Not a primary objective, it was expected that parsing with otpimized Rust over its runtime would run circles around the Python implementation.

It was not so.

As if implementing the semantics wasn't difficult enough on a languate so strict about memory management and with so little reasonable and efficient defaults, the first complete runs of parser generation and parsing were 3x times slower than the best Python counterpart.

It took an important amount of Rust-specific optimizations and some algorithm redesign to reach the current 1.08x speed.Rust is not friendly to the deep recursion required to parse a language like, for example, Java, and its default data structures, like Vec, don't behave well when used as short-lived containers. The complete history of optimizations that include an imported heap manager (jemalloc) figure in the Git logs. The custom allocator has since been removed for cross-platform compatibility — the system allocator is used on all platforms.
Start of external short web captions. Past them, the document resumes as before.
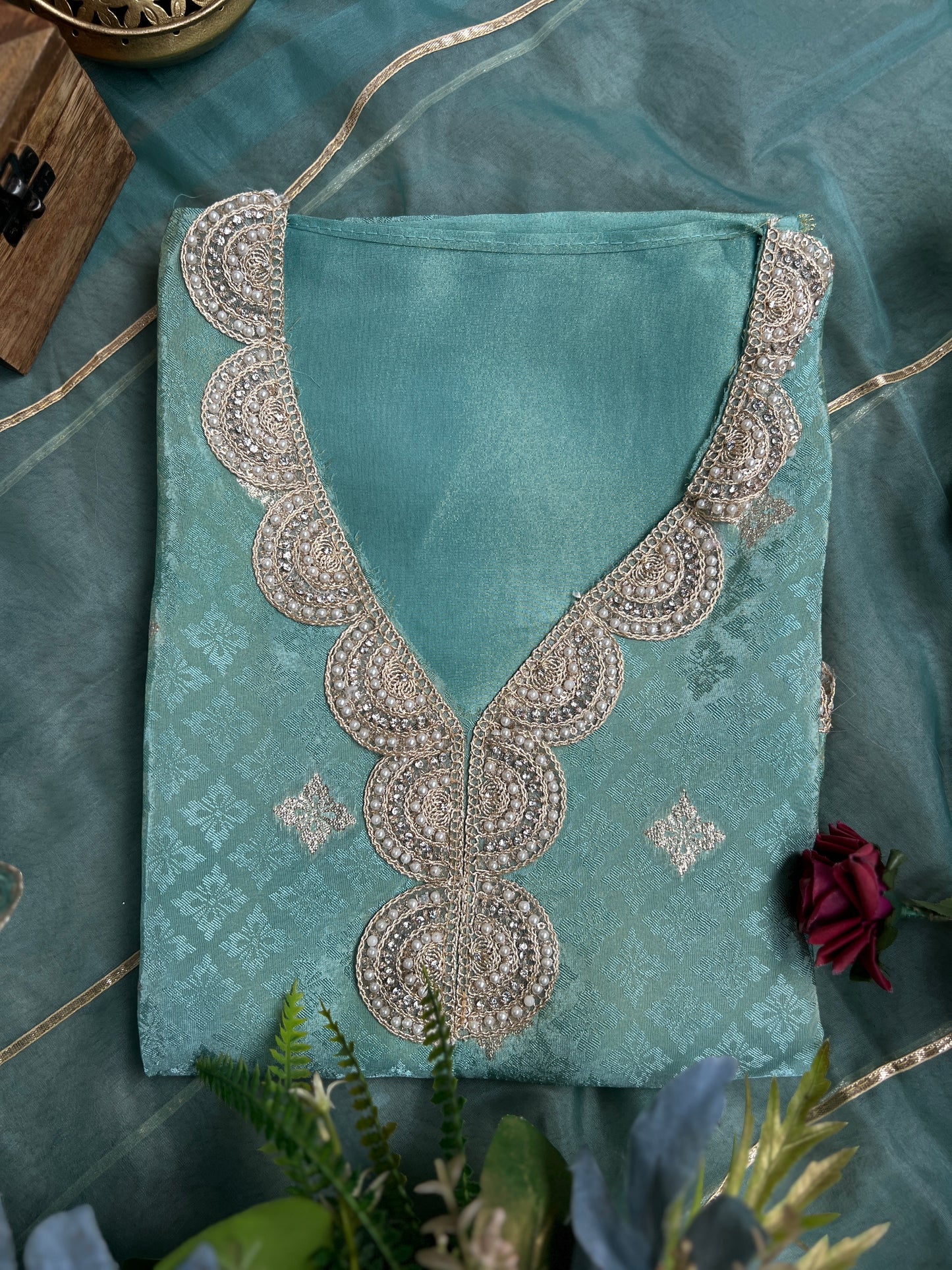 Shimmering Silk Top with Exquisite Lace & Gota Detailing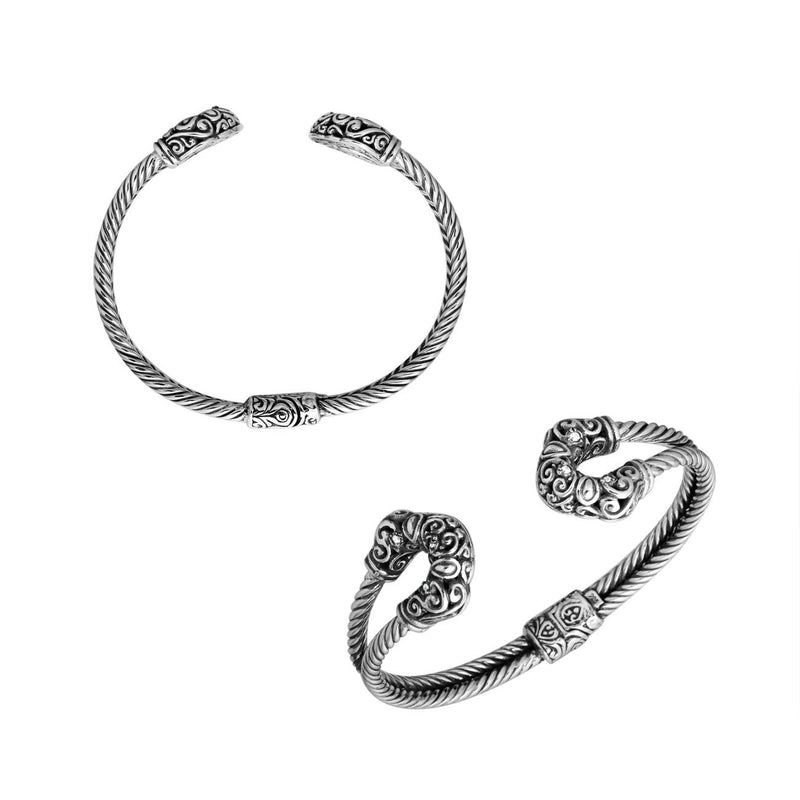 Sterling Silver & CZ Cuff Bangle Bracelet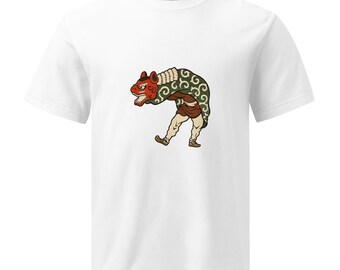 Camiseta tradicional japonesa bordada con bestias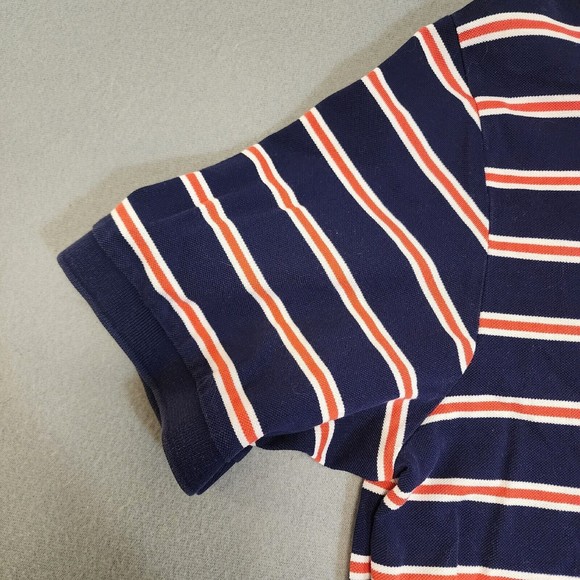 Ralph Lauren Plolo Shirt Mens XL Blue with Pink Stripe Short Sleeve Vintage - Picture 6 of 16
The PyO3 interface is there, but it's easier and more convenient to use TatSu directly when working with Python.

TieXiu is today a powerful PEG parser generator in Rust, so it may find a home among the rustacean community wanting to convert flat streams into semantic structures.

The Theoretical Ceiling: Why Rust Didn't "Run Circles"

The humble 1.08x speedup over highly optimized Python isn't a failure of Rust—it is a lesson in computer architecture governed by Amdahl's Law and the physical constraints of hardware.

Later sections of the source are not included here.